I think it's interesting to note that Larry Shepp is Professor at the Statistics Department of Wharton Business School, although his health is deteriorating.

Answer 5

This is a great question bridging mathematics and philosophy. It raises the question “why should the number $e$ show up here at all?” It also got me thinking about what “intuitive” means; for example, the fact that $(1-1/n)^n\to1/e$ is not particularly intuitive unless you've seen this particular computation before. I’d like to interpret “intuitive” to mean “easy to see without much computation, assuming familiarity with some widely applicable general techniques.” Given that, there's a nice general way to see, all at once, why $e$ shows up when considering derangements, why the limit is $1/e$ in particular, and why the convergence is so fast:

In a nutshell, $e$ shows up since the definition of derangements can be expressed as a binomial convolution, leading to an expression of the exponential generating function $D(z)$ for the number $D_n$ of derangements as $e^{-z}/(1-z)$. $D(z)$ has a unique pole at $z=1$, which is simple with residue $e^{-1}$, so it’s immediate that $D_n/n!\to e^{-1}$. The convergence is fast in essence because there are no other poles and because the series for $e^{-z}$ converges quickly.

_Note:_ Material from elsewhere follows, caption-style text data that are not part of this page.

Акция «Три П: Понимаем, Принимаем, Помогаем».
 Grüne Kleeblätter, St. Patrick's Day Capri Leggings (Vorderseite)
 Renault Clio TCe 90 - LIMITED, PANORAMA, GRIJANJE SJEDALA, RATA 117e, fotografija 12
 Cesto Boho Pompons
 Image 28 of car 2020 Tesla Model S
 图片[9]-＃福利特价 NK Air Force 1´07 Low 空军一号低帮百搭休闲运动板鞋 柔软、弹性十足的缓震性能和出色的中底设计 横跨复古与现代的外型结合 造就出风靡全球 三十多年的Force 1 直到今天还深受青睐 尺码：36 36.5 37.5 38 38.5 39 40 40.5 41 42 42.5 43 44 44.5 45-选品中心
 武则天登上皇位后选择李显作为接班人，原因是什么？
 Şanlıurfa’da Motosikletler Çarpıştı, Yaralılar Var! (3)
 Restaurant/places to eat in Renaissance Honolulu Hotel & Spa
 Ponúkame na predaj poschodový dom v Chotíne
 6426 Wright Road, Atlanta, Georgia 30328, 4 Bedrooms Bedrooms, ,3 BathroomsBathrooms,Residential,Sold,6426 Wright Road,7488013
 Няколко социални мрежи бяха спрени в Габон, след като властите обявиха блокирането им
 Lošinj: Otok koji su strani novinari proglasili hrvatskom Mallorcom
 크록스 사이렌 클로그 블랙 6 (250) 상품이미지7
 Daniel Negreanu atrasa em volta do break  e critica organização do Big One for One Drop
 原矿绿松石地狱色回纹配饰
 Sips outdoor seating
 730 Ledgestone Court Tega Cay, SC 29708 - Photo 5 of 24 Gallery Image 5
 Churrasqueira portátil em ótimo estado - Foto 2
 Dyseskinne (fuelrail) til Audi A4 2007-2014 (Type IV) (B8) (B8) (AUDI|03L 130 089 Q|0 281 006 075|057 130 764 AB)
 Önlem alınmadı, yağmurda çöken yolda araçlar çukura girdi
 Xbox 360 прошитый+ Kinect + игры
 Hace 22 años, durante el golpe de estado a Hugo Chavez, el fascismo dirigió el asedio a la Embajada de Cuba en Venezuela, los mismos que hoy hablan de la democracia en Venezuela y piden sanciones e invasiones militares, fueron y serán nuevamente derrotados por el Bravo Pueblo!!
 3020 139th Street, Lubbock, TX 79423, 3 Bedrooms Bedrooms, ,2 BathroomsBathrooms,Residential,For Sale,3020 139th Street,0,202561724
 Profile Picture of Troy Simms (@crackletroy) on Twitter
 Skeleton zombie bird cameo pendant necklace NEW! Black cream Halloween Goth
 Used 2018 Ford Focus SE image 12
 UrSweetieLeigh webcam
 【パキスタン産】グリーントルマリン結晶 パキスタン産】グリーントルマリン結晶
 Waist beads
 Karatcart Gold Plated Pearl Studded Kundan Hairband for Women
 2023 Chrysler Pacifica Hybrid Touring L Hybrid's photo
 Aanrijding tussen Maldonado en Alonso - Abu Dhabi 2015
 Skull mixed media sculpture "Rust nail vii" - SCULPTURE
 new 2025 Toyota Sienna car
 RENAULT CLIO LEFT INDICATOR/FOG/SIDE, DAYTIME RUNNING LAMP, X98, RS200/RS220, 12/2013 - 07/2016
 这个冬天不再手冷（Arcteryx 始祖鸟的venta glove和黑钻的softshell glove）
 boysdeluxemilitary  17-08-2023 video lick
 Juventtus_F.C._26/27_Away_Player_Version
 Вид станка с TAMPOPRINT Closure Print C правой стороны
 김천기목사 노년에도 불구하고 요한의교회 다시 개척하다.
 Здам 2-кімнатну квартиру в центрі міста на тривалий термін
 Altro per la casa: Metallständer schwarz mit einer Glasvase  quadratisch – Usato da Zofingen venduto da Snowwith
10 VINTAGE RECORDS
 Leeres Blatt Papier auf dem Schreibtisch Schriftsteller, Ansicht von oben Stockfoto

While I think this is intuitive, it hides a lot, so here are a few details. A good reference for the following is Philippe Flajolet and Robert Sedgewick, Analytic Combinatorics, Cambridge University Press (2009). Let $D_n$ denote the number of derangements of an $n$-set $X$. To understand $D_n$, let's count all permutations of $X$, grouped according to the number of fixed points. Given a $k$-element subset of $X$, there are exactly $D_{n-k}$ permutations which fix exactly these $k$ points (since the other $n-k$ must all move). As there are $\binom{n}{k}$ such subsets, we see immediately that $$ n! = \sum_{k=0}^n \binom{n}{k} D_{n-k}.\ (1)$$

The sum on the right-hand side is a “binomial convolution” of $\{D_n\}$ with the constant sequence $\{1\}$, so we’ll get a simple formula if we write down the exponential generating functions (egfs) of the sequences involved (e.g. see the wikipedia article.) The reason is that if $A(z)=\sum a_n z^n/n!$ and $B(z)=\sum b_n z^n/n!$ are the egfs of the sequences $\{a_n\}$ and $\{b_n\}$, then the egf of the binomial convolution $c_n=\sum_k \binom{n}{k}a_k b_{n-k}$ is just the product $A(z)B(z)$.

Now, the egf of $\{n!\}$ is $1/(1-z)$, and the egf of the constant sequence $\{1\}$ is $e^z$. If we let $D(z)$ denote the egf of the derangement sequence $\{D_n\}$, then the binomial convolution $(1)$ becomes $$\frac1{1-z}=e^z D(z).$$

Thus we see $D(z)=e^{-z}/(1-z)$. The asymptotic behavior of the coefficients $D_n/n!$ is governed by the local behavior at the pole $z=1$; since $D(z) \approx e^{-1}/(1-z) = e^{-1}(1+z+z^2+\cdots)$ near the pole at $z=1$, we see immediately that $D_n/n!\to e^{-1}$. Intuitively, the convergence is rapid because the series for $e^{-z}$ converges quickly and there are no other poles to interfere.

Answer 6

Let be $N_{n}$ the number of permutations in $\mathfrak{S}_{n}$ with no fixed points. Let be $A_{i}$ the set of permutations of $\left\{ 1,\ldots,n\right\}$ that have $i$ as fixed point. We have $$\#\left(A_{i}\right)=\left(n-1\right)!$$ since $A_{i}$ coressponds to $\mathfrak{S}_{n-1}$ (permutations on $\left\{ 1,\ldots,i-1,i+1,\ldots,n\right\}$ ). Then, the number of permutations that have exactly $i_{1},\ldots,i_{k}\in\left\{ 1,\ldots,n\right\}$ as fixed points is$$\#\left(\bigcap_{j=i_{1},\ldots,i_{k}}A_{j}\right)=\left(n-k\right)!$$ since these permutations are in all the $A_{i_{1}},\ldots,A_{i_{k}}$.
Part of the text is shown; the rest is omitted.